Search code examples
rselenium-webdriverweb-scrapingrselenium

Dynamic site using R Selenium


I am trying to scrape some financial reports from the SEC Edgar databases: https://www.sec.gov/oiea/Article/edgarguide.html

As it's dynamic, I'm using R Selenium on Firefox and now I'm a bit stuck. Firefox is open and I've navigated to the right page.

I'm after total assets.

    remDr$navigate("https://www.sec.gov/cgi-bin/browse-edgar?action=getcompany&CIK=0000001800&type=10-K&dateb=&owner=include&count=40&search_text=")
    webElem1 <- remDr$findElement(using = 'css selector', value = "#interactiveDataBtn")
    webElem1$sendKeysToElement(list("\uE007"))
    webElem2 <- remDr$findElement(using = 'css selector', value = "#menu_cat3")
    webElem2$sendKeysToElement(list("\uE007"))
    webElem3 <- remDr$findElement(using = 'css selector', value = "#r6 .xbrlviewer")
    webElem3$sendKeysToElement(list("\uE007"))
    webElem4 <- remDr$findElement(using = 'css selector', value = "#idp6852922048 > tbody > tr:nth-child(12) > td:nth-child(2)") %>% html_text() %>% as.numeric()

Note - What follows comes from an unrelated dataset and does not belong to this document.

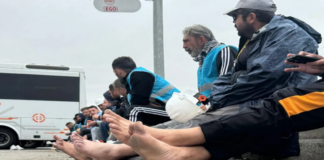 TBMM’ye Yürüyüşlerine İzin Verilmeyen Fernas işçilerinden Bir Grup, CHP’li Milletvekillerinin Araçlarıyla TBMM’ye Gitti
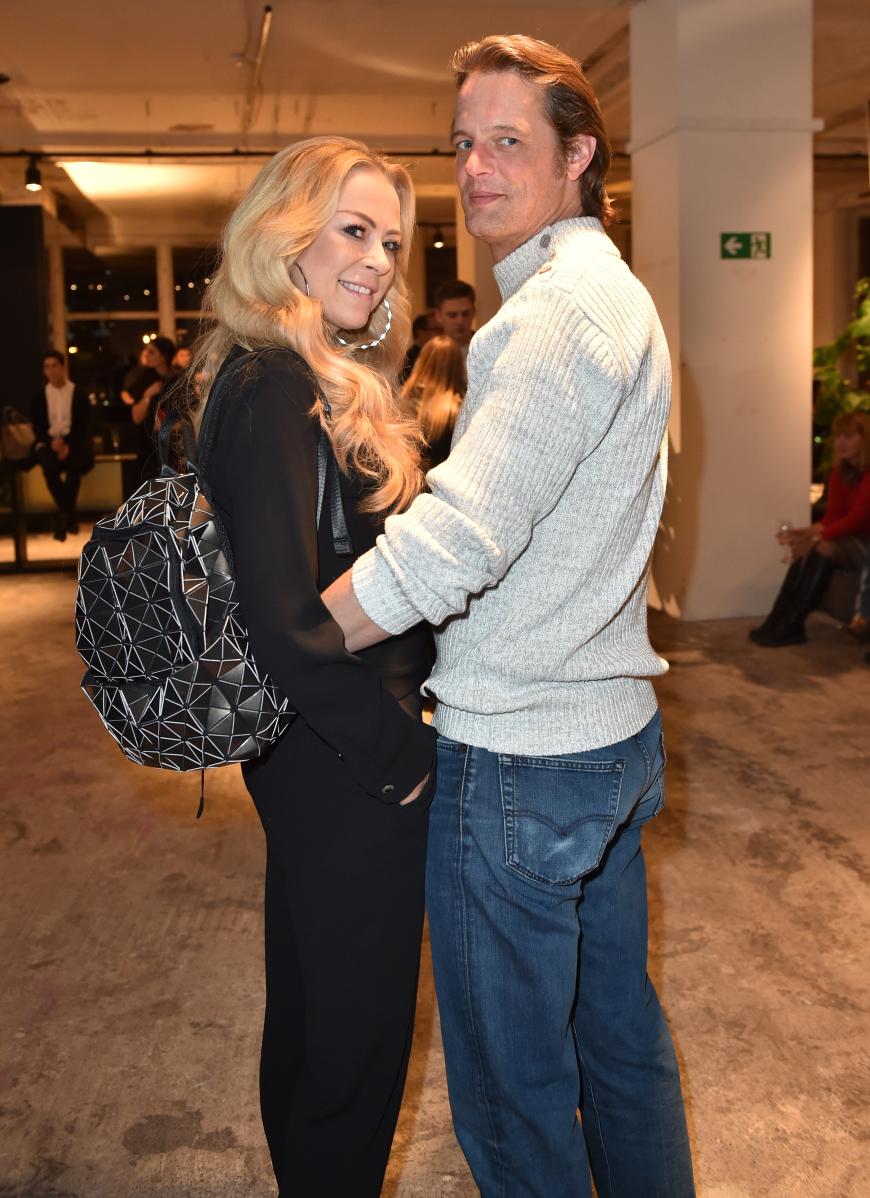Jenny Elvers und ihr Steffen bei Riani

As you can see I'm trying to use a mix of RSelenium and rvest to retrieve the value but all I'm getting is:

    Error in UseMethod("xml_text") : 
    no applicable method for 'xml_text' applied to an object of class "c('webElement', 
    'remoteDriver', 'errorHandler', 'envRefClass', '.environment', 'refClass', 'environment', 'refObject')"

Any ideas?


Solution

  • If you check class(webElem4) you will see it is (not surprisingly) an object of class webElement. This is a special S4 class with its own methods defined. You are passing it to html_text as if it were an html_node, as defined in xml2 (or rvest).

    Although the two might seem quite similar, a webElement represents a pointer to an actively rendered node in a browser, not just an inert string of text to be parsed. The rvest and xml2 packages have no concept of what a webElement is or how to read it.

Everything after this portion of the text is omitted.